In all professional negligence claims the Civil Procedural Rules provide that before commencing a claim, certain procedural steps must be followed (depending on which type of professional you intend to sue).
What follows is a step-by-step guide for a claimant on how to start a professional negligence claim. If the steps are not followed, a court is likely to criticise the defaulting party and there could be potential adverse costs consequences.
If you have suffered financial loss at the hands of a professional who has failed to act to the requisite professional standards, we can assist you. Our professional negligence team have assisted many high net worth individuals and SME businesses obtain compensation from negligent professional advisers such as Accountants, Architects, Builders, Construction and other Engineers, Financial Advisers, Lawyers, Surveyors, Tax Advisers and Valuers.
What is professional negligence?
Professional negligence is the failure to act with the duty of care expected by a reasonable professional of that profession. Duties of care can arise by contractual arrangement or by common law tort. The professional must conduct him or her self to the professional standard commonly held by those in the same profession.
Which Professionals can be Sued for Negligence?
A professional is defined by the courts as an individual, firm or company who have expertise and exercise kill in the services they offer and provide. The list of professionals who can be sued is extensive. We can assist clients who have suffered personal or financial loss due to a duty being breached by members of the following professions.
Claims against Legal Professionals
- Legal executives;
- Licenced coveyancers;
- Patent attorneys;
- Trade mark attorneys;
- Costs lawyers;
- Notaries; and
- Chartered accountants.
Claims against Professionals in the Property Industry
- Chartered surveyors;
- Planning consultants;
- Quantity surveyors; and
Claims against Professionals in the Finance sector
- Financial advisers/IFAs;
- Insurance brokers;
- Tax advisers; and
What is the Pre-Action Protocol for Professional Negligence
Any party to litigation or any party contemplating litigation has to follow the Civil Procedure Rules 1998 (the CPR). As a result, the provisions of the CPR are applicable, in particular the Pre-Action Protocol for Professional Negligence (professional negligence PAP).
The new pre action protocol for professional negligence came into effect in May 2018, on which date claims to be issued from then must comply with.
The parties to litigation are encouraged to try to settle any claim without issuing formal proceedings in court. The PAP sets out the framework to be followed and encourages an exchange of information and a set timetable, which both parties must comply with to encourage early settlement without the need for a costly court process.

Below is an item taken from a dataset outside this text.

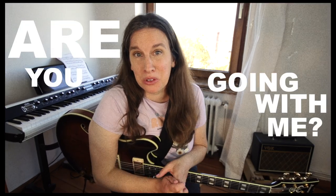I'm Tina, a guitar player from Berlin. Today I want to talk about 'Are You Going With Me' from Pat Metheny — the most beautiful tune.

When does the professional negligence PAP apply?
The professional negligence pre action protocol applies to all claims against legal professionals, accountants, financial advisers, auditors and certain other professionals. But the PAP does not apply to claims against construction professionals, (e.g. architects, engineers and quantity surveyors) as the Pre-action Protocol for Construction and Engineering Disputes is applicable instead.
First step: The Preliminary Notice
A claimant is required to notify all potential defendant(s) in writing as soon as it decides that there is a reasonable chance of a claim for negligence by submitting a preliminary notice which is required to:
- identify the claimant and any other parties;
- contain a brief outline of the prospective claim;
- provide a general quantification of the financial value of the claim;
- request that the professional inform their professional indemnity insurers (if any, NB law firms are most likely to have professional indemnity insurance).
The defendant is required to acknowledge receipt of the letter within 21 days of receiving it. If the defendant fails to do so once the preliminary notice (or Letter of Claim) is received then this may invalidate their insurance policy.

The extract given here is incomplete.